Do you have plenty of airflow over your HBA. They want and need high air flows going over the heat sinks.
From 9206-16e document but I expect about the same for all their cards
Minimum airflow:
— 100 linear feet per minute at 35 °C (95 °F) bay inlet temperature
— 150 linear feet per minute at 45 °C (113 °F) bay inlet temperature
— 200 linear feet per minute at 55 °C (131 °F) bay inlet temperature
Set all of your RAM speeds/timings to “Automatic” or “Stock” speeds - this will include any manually adjusted latency/timing values.
Also consider the airflow/temperature question posed by @SmallBarky - try sudo storcli /c0 show all | grep -i temperature to see if it is reporting back, as the 9500 should be new enough to have a temperature sensor and readout.
That’s not the issue. The issue is the system locking up.
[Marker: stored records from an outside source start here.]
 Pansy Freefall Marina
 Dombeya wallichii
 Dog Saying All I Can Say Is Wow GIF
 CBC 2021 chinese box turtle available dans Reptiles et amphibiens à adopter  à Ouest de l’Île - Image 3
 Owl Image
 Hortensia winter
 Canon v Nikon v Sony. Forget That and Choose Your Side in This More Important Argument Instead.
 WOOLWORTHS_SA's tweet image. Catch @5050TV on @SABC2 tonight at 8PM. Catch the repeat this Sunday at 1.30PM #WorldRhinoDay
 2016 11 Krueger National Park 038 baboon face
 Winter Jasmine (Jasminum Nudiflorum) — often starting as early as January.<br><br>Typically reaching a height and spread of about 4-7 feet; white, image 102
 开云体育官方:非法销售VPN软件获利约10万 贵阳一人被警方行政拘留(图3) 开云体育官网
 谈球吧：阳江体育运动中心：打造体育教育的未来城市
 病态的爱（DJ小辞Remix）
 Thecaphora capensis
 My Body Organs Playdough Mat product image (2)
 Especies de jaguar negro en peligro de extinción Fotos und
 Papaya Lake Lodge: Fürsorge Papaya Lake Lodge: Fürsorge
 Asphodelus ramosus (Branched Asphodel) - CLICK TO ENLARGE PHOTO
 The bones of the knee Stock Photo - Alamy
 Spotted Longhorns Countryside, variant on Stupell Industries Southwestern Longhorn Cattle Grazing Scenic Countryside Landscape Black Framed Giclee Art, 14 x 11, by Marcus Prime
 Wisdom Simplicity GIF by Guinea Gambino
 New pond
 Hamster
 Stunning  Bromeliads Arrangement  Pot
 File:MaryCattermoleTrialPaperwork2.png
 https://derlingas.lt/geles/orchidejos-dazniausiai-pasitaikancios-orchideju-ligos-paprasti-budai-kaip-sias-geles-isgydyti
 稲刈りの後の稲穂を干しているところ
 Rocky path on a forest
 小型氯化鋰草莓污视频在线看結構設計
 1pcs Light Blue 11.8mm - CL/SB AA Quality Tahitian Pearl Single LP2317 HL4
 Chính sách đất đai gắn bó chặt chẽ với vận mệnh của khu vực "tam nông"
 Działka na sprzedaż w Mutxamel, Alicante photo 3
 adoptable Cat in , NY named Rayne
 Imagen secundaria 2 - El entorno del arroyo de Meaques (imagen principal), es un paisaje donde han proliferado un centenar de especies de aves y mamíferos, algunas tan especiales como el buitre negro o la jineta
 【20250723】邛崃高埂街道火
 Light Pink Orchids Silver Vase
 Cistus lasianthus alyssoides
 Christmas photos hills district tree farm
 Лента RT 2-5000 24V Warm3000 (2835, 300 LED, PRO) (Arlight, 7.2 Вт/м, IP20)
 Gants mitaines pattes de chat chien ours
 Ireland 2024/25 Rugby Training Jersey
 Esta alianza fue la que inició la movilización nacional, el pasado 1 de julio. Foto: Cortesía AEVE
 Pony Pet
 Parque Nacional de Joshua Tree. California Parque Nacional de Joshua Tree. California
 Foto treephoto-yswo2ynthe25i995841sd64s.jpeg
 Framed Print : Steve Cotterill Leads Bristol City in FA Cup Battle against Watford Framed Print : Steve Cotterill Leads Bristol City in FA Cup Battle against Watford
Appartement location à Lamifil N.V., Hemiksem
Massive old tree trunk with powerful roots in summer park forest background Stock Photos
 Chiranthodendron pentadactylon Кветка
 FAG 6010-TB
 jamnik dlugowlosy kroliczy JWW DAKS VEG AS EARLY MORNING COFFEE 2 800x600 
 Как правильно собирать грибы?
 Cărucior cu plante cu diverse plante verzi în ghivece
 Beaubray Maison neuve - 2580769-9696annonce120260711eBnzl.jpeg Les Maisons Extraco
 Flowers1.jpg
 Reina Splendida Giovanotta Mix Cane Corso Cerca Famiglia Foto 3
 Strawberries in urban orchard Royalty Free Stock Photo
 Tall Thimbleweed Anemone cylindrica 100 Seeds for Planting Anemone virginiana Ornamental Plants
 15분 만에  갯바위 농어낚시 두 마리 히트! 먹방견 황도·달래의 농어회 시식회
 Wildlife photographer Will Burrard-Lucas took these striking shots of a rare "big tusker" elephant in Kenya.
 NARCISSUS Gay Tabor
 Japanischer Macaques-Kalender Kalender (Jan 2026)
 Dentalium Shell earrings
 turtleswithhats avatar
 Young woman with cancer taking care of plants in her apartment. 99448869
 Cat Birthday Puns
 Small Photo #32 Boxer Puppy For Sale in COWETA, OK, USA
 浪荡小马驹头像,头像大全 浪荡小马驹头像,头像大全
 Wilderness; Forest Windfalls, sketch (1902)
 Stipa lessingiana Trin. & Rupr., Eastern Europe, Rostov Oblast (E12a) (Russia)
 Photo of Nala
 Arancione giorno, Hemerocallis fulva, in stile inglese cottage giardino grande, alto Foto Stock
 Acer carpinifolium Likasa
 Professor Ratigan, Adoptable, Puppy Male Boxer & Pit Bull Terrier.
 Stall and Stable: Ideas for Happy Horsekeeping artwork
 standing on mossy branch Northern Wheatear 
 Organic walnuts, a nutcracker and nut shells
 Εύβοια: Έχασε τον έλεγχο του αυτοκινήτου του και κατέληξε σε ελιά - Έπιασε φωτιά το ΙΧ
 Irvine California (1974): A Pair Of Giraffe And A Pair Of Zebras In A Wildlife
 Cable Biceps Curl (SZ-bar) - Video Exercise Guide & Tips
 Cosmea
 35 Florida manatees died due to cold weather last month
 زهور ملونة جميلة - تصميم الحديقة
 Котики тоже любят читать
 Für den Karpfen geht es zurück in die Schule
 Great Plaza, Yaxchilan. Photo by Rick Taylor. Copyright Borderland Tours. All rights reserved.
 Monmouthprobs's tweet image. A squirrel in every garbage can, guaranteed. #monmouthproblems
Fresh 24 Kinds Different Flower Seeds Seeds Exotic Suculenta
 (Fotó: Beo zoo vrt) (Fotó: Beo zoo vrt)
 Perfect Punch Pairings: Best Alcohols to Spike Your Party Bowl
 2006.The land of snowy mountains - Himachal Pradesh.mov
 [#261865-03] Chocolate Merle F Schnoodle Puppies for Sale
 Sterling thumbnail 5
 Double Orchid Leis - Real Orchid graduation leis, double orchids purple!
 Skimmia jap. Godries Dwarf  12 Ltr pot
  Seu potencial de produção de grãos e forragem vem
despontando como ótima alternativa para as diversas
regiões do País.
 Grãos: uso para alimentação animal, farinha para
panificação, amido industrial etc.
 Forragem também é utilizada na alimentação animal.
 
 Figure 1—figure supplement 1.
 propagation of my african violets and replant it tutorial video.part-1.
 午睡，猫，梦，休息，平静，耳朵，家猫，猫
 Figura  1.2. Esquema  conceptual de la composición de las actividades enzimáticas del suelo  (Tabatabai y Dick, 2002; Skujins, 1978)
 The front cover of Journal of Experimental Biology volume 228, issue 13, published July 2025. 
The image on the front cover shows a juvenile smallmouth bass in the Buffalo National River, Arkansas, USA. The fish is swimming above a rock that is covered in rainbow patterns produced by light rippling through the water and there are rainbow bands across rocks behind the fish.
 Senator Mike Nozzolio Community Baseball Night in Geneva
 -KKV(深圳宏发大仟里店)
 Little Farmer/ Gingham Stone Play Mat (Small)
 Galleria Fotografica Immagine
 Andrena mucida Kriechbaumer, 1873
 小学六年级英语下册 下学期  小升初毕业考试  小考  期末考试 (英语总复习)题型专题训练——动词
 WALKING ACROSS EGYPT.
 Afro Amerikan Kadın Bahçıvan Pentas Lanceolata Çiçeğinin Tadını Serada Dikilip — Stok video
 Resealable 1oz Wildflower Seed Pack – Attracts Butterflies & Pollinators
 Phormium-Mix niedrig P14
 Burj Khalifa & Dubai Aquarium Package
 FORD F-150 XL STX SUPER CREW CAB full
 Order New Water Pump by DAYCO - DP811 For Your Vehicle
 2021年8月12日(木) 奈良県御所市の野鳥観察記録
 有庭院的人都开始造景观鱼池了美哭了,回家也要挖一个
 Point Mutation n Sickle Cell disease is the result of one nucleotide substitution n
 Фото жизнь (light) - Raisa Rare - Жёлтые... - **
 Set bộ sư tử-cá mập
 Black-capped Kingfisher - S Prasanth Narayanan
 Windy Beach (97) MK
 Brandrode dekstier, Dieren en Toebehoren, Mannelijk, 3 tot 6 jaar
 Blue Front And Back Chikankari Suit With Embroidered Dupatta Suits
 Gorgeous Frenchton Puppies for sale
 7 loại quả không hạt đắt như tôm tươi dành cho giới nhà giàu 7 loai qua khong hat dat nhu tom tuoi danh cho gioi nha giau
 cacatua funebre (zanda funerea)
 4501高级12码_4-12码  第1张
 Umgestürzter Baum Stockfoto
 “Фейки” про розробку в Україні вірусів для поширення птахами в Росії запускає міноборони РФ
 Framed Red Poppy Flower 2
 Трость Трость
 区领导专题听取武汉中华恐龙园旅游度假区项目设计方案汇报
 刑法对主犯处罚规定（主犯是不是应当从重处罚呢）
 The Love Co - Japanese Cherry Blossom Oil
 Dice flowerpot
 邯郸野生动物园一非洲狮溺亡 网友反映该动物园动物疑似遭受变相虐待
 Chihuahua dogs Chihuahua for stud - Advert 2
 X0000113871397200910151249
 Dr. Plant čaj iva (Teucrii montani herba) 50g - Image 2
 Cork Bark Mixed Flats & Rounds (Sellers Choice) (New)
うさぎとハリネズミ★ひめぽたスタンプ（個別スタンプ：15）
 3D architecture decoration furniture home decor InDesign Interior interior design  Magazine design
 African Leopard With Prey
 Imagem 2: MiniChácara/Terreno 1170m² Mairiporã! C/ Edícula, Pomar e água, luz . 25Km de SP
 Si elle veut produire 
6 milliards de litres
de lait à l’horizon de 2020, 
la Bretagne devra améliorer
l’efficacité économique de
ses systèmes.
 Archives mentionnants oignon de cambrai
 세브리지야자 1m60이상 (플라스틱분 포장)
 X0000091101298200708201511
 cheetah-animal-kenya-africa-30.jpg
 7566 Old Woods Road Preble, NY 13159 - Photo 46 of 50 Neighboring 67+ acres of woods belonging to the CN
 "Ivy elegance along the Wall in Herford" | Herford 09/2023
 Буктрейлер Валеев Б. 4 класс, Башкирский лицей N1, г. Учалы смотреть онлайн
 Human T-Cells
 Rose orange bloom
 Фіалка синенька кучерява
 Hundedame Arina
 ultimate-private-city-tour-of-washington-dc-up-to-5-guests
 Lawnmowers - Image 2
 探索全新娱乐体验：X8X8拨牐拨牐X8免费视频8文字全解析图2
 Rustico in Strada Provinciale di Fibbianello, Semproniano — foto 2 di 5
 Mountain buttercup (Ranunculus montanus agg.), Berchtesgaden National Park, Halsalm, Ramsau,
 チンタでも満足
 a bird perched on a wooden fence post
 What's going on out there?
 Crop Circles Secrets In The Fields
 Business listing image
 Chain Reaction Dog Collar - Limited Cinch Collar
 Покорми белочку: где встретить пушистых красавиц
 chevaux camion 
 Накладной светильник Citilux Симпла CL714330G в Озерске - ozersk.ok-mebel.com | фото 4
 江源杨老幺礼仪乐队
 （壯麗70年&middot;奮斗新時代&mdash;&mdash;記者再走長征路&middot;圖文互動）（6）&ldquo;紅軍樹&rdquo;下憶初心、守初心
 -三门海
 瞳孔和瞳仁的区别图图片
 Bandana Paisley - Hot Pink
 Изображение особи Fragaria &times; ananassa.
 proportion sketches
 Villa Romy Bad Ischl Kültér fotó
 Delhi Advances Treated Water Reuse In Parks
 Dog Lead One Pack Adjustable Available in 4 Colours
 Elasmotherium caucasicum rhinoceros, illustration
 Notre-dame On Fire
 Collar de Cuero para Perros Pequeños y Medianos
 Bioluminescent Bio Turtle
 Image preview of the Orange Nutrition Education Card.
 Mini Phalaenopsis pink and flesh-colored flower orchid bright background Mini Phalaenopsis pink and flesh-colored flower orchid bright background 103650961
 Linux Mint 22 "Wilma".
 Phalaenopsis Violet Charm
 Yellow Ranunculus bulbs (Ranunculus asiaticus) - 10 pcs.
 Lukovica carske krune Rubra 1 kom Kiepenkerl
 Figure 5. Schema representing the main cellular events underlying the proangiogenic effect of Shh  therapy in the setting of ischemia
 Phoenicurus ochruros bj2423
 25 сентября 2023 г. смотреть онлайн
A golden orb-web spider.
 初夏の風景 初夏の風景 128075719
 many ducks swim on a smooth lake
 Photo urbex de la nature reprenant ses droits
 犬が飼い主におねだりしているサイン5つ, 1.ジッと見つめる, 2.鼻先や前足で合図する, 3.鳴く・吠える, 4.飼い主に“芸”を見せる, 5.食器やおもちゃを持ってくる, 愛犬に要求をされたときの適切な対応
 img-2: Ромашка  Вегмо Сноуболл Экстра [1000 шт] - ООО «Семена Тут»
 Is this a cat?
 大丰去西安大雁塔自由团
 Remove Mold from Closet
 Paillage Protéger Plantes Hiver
If your memory is not at 100% health (as @HoneyBadger said, just 1 error is too many) then your system can behave in random and mysterious ways, especially if a lot of memory is being used, since it increases the likelihood of hitting a faulty area in the bad RAM.
If the BIOS settings do not resolve this, I would figure out which of the 4 sticks are bad and replace them.
You should be able to pass multiple memtest runs with 0 errors before booting back into TrueNAS. Having bad RAM can put new data at risk.
no errors during test 8 and 9 in memtest after 4 passes…
System is booting as normal…
Restarting a file transfer > 150 GB…
aaand…
its working without a max limit in the settings
So RAM is healthy and its working.
So stupid
But thank you guys!
I had to reset the BIOS settings and set all to “Auto”. The BIOS detects the RAM now as 3600 as it should be.
Never checked the settings before because it was “stock”
He would still have had issues with 4x sticks of ECC memory with the bios manually set to 5200.
When you have 4 sticks in these systems they need to run at lower frequencies to keep the signal integrity… want full speed memory with ECC, you need to go to big boy EPYC cpu’s with registered ECC… and I don’t mean the 4004/4005 series which are still little boy epyc cpu’s
However I’m still advocate for ECC memory for even home server systems you want to run 24/7…
Just a shame its sooo hard to source affordable dd5 udimm ecc here in Australia let alone latest server grade hardware
I have seen bit flips in the past reported in my ipmi logs hence why I’m an advocate
Any DDR5 system has to downgrade speed when running at 2DPC.
The benefit of ECC in this case, beside a BIOS that is hopefully NOT designed towards overclocking, is that it would spam the logs with warnings and you’d know right away where the problem is.